Question: Write a recursive function that returns all permutations of a given string.

- For example, given “”, y should return [],

- For example, given “ho” should return [“ho”, “oh”],

- For example, given “hey” should return [“ehy”, “eyh”, “hey”, “hye”, “yeh”, “yhe”].

Hints:

- You can treat one character of the given string and call recursively to treat the remaining part,

- What are the primary cases to stop the recursion?

Solution:

func allPermutations(string: String) -> Set<String> {
    // 1.
    guard !string.isEmpty else { return Set<String>() }
    guard string.count > 1 else { return Set<String>([string]) }

    var result = Set<String>()
    for i in 0..<string.count {
        // 2.
        let char = string[i]
        let newString = string[0..<i] + string[i+1..<string.count]
        let temp = allPermutations(string: newString)

        // 3.
        for subString in temp {
            result.insert(String(char) + subString)
        }
    }

    // 4.
    return result
}

Explanations:

1. As a recursive function, define first the base case (empty string or single character).

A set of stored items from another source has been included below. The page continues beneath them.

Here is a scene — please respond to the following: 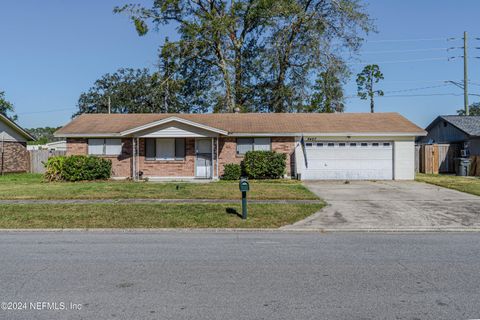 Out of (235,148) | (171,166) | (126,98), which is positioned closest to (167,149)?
(171,166)

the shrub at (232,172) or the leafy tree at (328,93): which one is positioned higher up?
the leafy tree at (328,93)

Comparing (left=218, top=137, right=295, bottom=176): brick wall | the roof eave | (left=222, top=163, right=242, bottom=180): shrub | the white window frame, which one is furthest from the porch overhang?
the roof eave

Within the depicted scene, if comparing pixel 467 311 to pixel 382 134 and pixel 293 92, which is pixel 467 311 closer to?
pixel 382 134

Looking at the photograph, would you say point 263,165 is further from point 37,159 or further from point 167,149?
point 37,159

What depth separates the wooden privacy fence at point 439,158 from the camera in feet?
95.0

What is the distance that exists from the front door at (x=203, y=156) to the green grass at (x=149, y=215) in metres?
10.8

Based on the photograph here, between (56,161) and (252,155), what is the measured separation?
986 cm

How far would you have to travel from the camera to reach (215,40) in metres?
36.5

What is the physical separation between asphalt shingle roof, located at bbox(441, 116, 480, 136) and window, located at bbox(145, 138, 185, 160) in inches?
732

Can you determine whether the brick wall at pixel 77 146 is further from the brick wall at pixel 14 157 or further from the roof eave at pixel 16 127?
the brick wall at pixel 14 157

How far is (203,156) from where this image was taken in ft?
78.3

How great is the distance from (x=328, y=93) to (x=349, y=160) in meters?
15.2

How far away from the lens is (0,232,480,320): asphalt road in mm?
4824

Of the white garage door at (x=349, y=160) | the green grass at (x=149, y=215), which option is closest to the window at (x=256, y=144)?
the white garage door at (x=349, y=160) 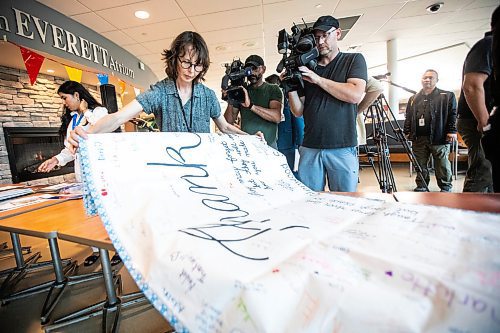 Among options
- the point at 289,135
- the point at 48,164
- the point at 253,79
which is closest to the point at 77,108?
the point at 48,164

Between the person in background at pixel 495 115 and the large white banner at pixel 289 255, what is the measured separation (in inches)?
18.0

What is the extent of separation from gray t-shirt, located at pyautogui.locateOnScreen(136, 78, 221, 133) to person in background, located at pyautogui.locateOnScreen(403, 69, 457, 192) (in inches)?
101

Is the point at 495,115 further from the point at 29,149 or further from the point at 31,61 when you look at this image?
the point at 29,149

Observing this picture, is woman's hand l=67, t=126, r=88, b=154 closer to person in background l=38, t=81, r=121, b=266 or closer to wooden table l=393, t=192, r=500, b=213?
wooden table l=393, t=192, r=500, b=213

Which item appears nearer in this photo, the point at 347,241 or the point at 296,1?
the point at 347,241

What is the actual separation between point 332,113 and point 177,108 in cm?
68

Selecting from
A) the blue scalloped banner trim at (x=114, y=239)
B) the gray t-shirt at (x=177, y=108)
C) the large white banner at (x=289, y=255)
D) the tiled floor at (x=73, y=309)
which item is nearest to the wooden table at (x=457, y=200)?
the large white banner at (x=289, y=255)

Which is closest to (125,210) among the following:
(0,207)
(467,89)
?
(0,207)

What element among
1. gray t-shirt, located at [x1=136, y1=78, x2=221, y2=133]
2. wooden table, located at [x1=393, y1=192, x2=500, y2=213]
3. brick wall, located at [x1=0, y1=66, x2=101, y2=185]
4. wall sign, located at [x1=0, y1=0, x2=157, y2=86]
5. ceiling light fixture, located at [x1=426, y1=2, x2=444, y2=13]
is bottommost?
wooden table, located at [x1=393, y1=192, x2=500, y2=213]

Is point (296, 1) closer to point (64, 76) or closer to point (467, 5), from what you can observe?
point (467, 5)

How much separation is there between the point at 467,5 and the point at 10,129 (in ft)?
22.4

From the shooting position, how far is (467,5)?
11.4ft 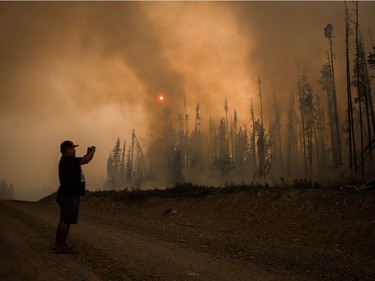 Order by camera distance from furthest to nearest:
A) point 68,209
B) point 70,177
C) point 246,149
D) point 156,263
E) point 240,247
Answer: point 246,149, point 240,247, point 70,177, point 68,209, point 156,263

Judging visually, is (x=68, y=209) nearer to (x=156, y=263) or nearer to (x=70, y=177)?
(x=70, y=177)

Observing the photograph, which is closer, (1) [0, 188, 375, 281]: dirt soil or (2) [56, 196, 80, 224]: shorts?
(1) [0, 188, 375, 281]: dirt soil

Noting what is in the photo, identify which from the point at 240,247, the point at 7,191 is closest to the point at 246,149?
the point at 240,247

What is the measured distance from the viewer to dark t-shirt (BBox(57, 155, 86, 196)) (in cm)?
516

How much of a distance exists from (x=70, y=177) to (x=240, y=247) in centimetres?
365

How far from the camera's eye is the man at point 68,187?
505 centimetres

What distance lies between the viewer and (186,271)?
3988 mm

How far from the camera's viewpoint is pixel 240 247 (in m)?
5.85

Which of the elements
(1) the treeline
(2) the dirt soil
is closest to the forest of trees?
(2) the dirt soil

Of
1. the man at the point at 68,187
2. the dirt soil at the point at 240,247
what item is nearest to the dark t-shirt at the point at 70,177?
the man at the point at 68,187

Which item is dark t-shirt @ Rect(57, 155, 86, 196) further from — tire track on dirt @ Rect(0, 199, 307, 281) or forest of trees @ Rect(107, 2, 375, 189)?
forest of trees @ Rect(107, 2, 375, 189)

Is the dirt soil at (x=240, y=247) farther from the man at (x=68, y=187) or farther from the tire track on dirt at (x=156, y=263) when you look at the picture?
the man at (x=68, y=187)

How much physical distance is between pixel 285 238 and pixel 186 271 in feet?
15.9

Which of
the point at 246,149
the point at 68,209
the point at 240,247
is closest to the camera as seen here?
the point at 68,209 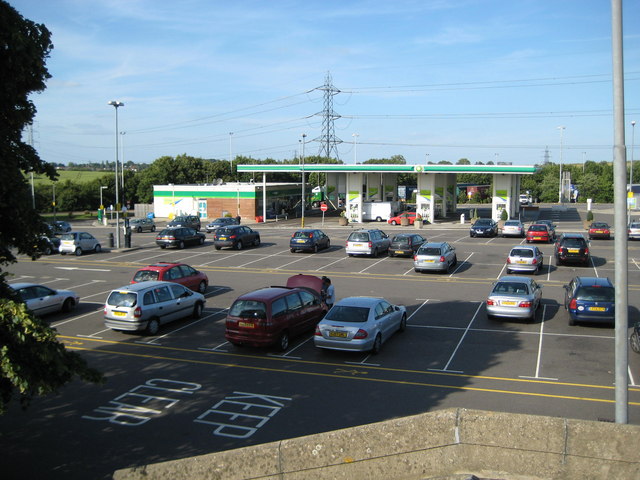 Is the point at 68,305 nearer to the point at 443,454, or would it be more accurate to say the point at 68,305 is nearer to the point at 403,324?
the point at 403,324

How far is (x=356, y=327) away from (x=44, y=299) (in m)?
11.7

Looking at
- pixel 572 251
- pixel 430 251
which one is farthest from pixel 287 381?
pixel 572 251

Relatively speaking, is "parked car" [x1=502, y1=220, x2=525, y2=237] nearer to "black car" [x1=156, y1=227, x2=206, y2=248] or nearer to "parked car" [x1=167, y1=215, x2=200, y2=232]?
"black car" [x1=156, y1=227, x2=206, y2=248]

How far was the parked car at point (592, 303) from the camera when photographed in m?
17.7

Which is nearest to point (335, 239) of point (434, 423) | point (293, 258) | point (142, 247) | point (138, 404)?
point (293, 258)

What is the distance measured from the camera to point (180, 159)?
314 feet

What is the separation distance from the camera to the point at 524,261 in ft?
90.2

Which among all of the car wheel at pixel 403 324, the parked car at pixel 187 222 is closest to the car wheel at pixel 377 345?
the car wheel at pixel 403 324

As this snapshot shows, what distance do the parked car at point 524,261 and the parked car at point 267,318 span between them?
14074 mm

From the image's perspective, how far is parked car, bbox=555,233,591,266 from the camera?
2948 cm

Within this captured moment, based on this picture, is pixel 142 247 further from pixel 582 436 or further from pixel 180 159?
pixel 180 159

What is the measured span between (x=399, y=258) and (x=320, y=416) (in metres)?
23.1

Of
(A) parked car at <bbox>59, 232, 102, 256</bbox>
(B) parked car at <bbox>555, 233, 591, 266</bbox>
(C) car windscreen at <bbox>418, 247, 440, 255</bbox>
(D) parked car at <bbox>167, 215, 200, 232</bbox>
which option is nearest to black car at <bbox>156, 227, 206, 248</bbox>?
(A) parked car at <bbox>59, 232, 102, 256</bbox>

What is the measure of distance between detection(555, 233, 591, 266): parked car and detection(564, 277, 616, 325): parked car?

guard !string.isEmpty else { return Set<String>() }
guard string.count > 1 else { return Set<String>([string]) }

2. Iterate over all characters, keep the character at index i and recurse on the rest of the string (given string without the character at index i).

for i in 0..<string.count {
  let newString = string[0..<i] + string[i+1..<string.count]
  let temp = allPermutations(string: newString)

3. Add to the results the concatenation of the character at index i plus all permutations gave by the recursive call.

for subString in temp {
  result.insert(String(char) + subString)
}

4. Return the results.

return result

Complexity:

- Time Complexity: The number of permutations for n elements is n!, so the time complexity is O(n!).

- Space Complexity: The number of permutations for n elements is n!, so the space complexity is O(n!).

Test-cases:

public func testAllPermutations() {
  assert(allPermutations(string: "").sorted() == [], "allPermutations 1 not equal")
  assert(allPermutations(string: "ho").sorted() == ["ho", "oh"], "allPermutations 2 not equal")
  assert(allPermutations(string: "hey").sorted() == ["ehy", "eyh", "hey", "hye", "yeh", "yhe"], "allPermutations 3 not equal")
}

Follow-up:

You could try to do it using an iterative way.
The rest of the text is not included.